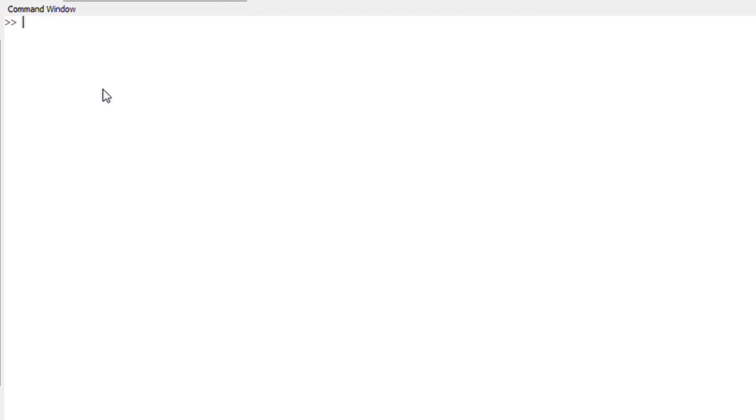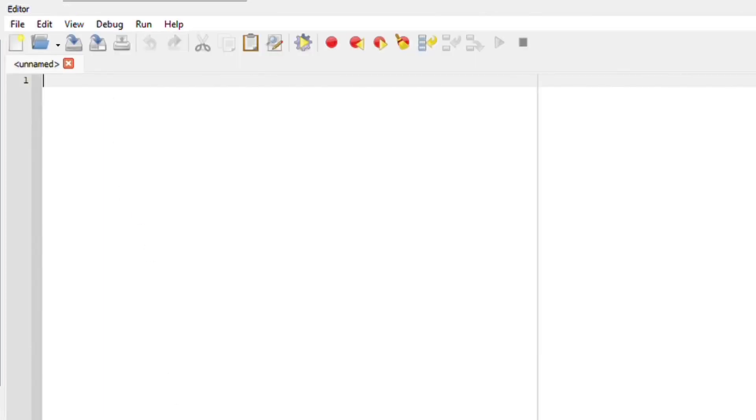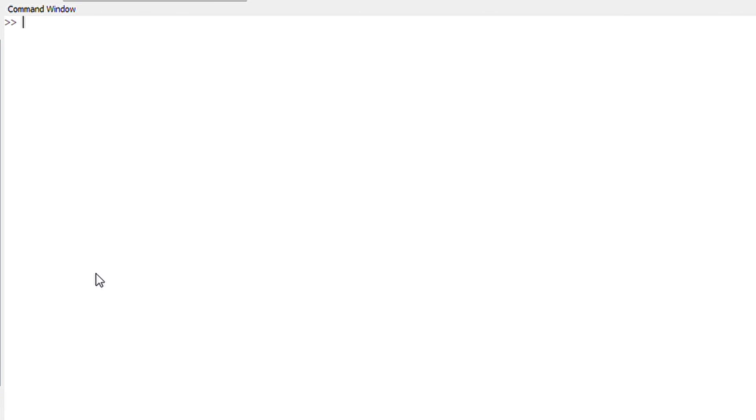Hi there and welcome back. You are looking at my Octave Command Window screen. There's also an editor screen that can also be worked with, but for the time being we are now working on the Command Window.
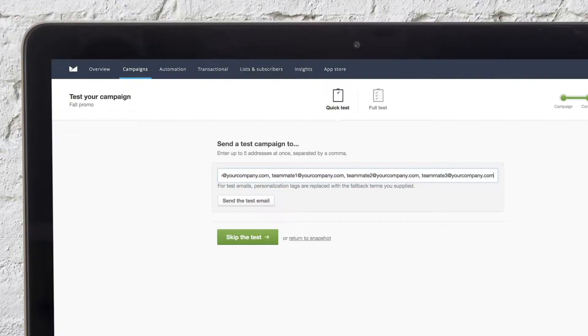Testing your campaign before you send is a great way to make sure everything looks the way you want. You have two options for testing.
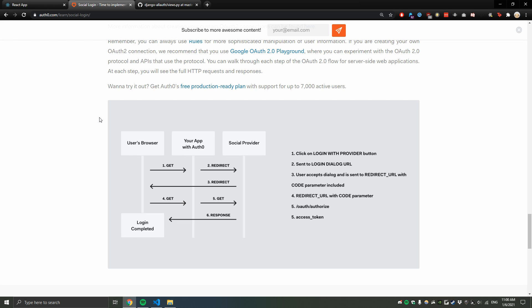Hello everyone, today I'm going to be doing a code review of how I use social authentication to handle my React front end and Django back end web app. A couple of videos ago I used the standard Django AllAuth login system to log users in and out of the app, but since then I've changed to use social authentication because this website caters to a specific audience — Twitch.tv.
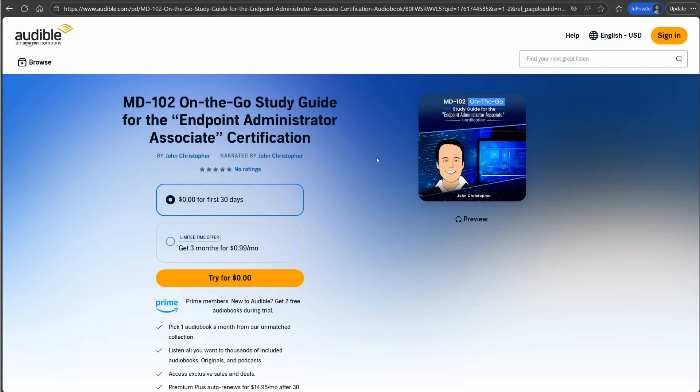I have an exclusivity agreement with Amazon. Unfortunately, I can't put this out on any other platforms but Amazon and Audible. So I can't put it on Spotify or something like that. I wish I had that ability, but I am under an exclusivity contract with Amazon.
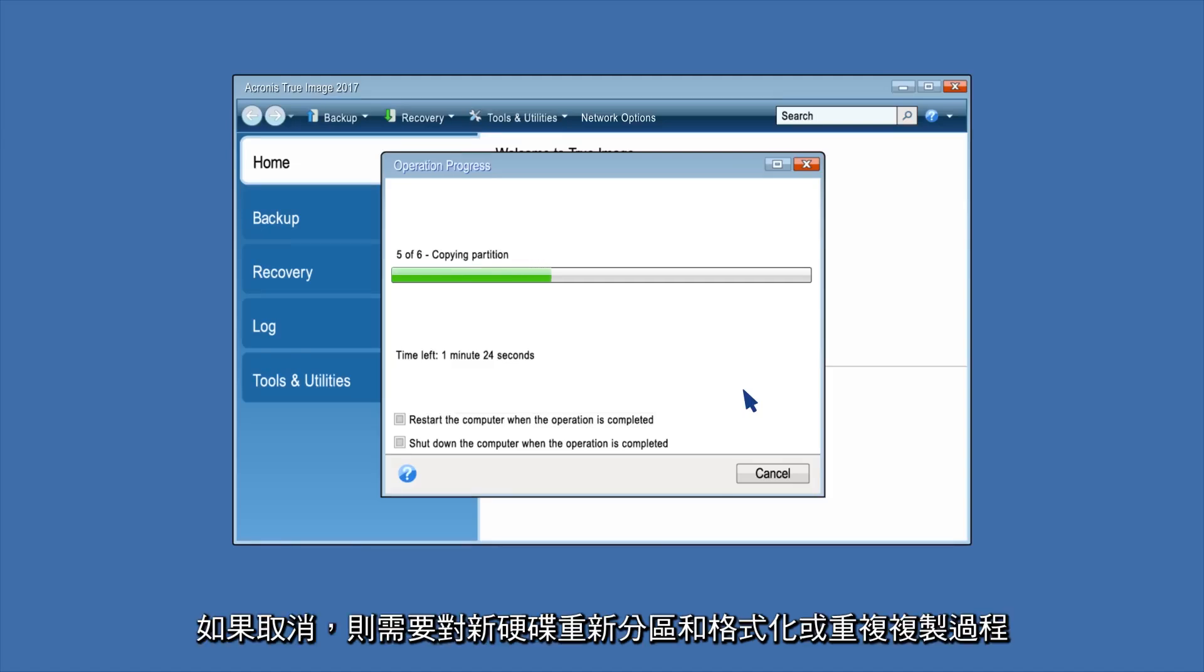If you cancel, you will need to repartition and format the new disk, or repeat the cloning process.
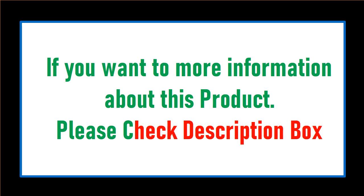If you want more information about this product, please check description box.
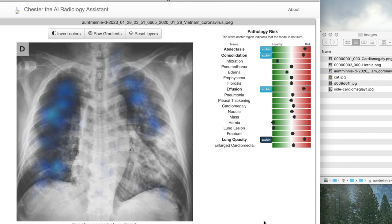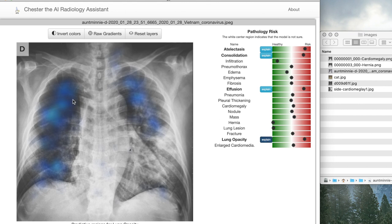First, we will take a look at the basic image predictions. Here, this image has been processed and we have 18 different radiological findings and their risk from 0 to 100, where 50% in the middle corresponds to a very uncertain prediction, 0 means no risk, and 100 is the highest risk. If the predictions are over 60%, an explain button will appear which will allow you to explain why the model made that prediction.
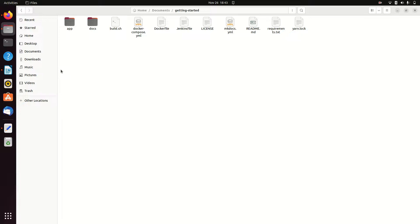Hi friends, we are going to have a Helm chart from scratch. We are going to deploy an application that we have already deployed in the Dockerfile and we are going to push the image to Docker Hub.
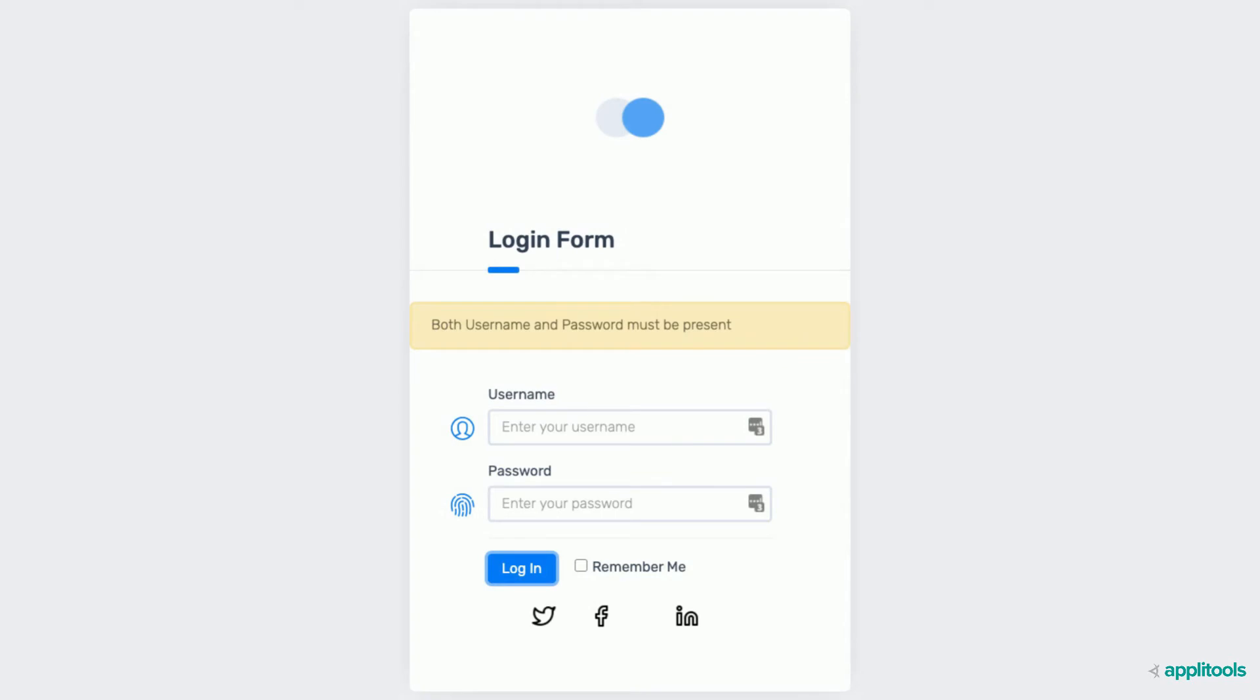In this first example, you are asked to write the following test. Verify that the error message shows up when a user tries to login without entering a username and password. Additionally, verify all buttons, fields, and logos are displayed.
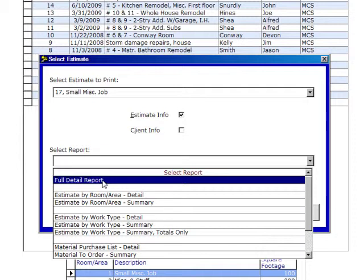Now, what I suggest you do is I'm going to run you through one report. Then do an estimate on your own and come back, and you should go through every single report. If necessary, print them out so you can see what the end result is. Each one of these reports is different, and it gives you new and different information.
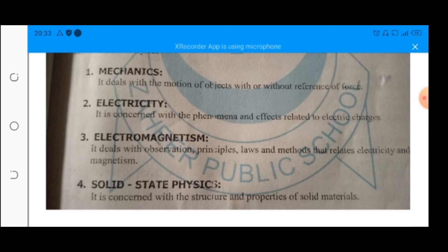Next is solid state physics. It is concerned with the structure and properties of solid materials. The electronic devices and appliances which we use in daily life are related to solid state physics. We are using electronic appliances in daily life because of solid state physics.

################

#### WHAT YOU HAVE TO DO:
In the records above, take every line from the opening one through the line with "Hello everyone, today" and repeat it exactly; pictures are not part of the copy.

#### RESULT BELOW:
Hi there and welcome back. You are looking at my Octave Command Window screen. There's also an editor screen that can also be worked with, but for the time being we are now working on the Command Window.
Testing your campaign before you send is a great way to make sure everything looks the way you want. You have two options for testing.
Hello everyone, today I'm going to be doing a code review of how I use social authentication to handle my React front end and Django back end web app. A couple of videos ago I used the standard Django AllAuth login system to log users in and out of the app, but since then I've changed to use social authentication because this website caters to a specific audience — Twitch.tv.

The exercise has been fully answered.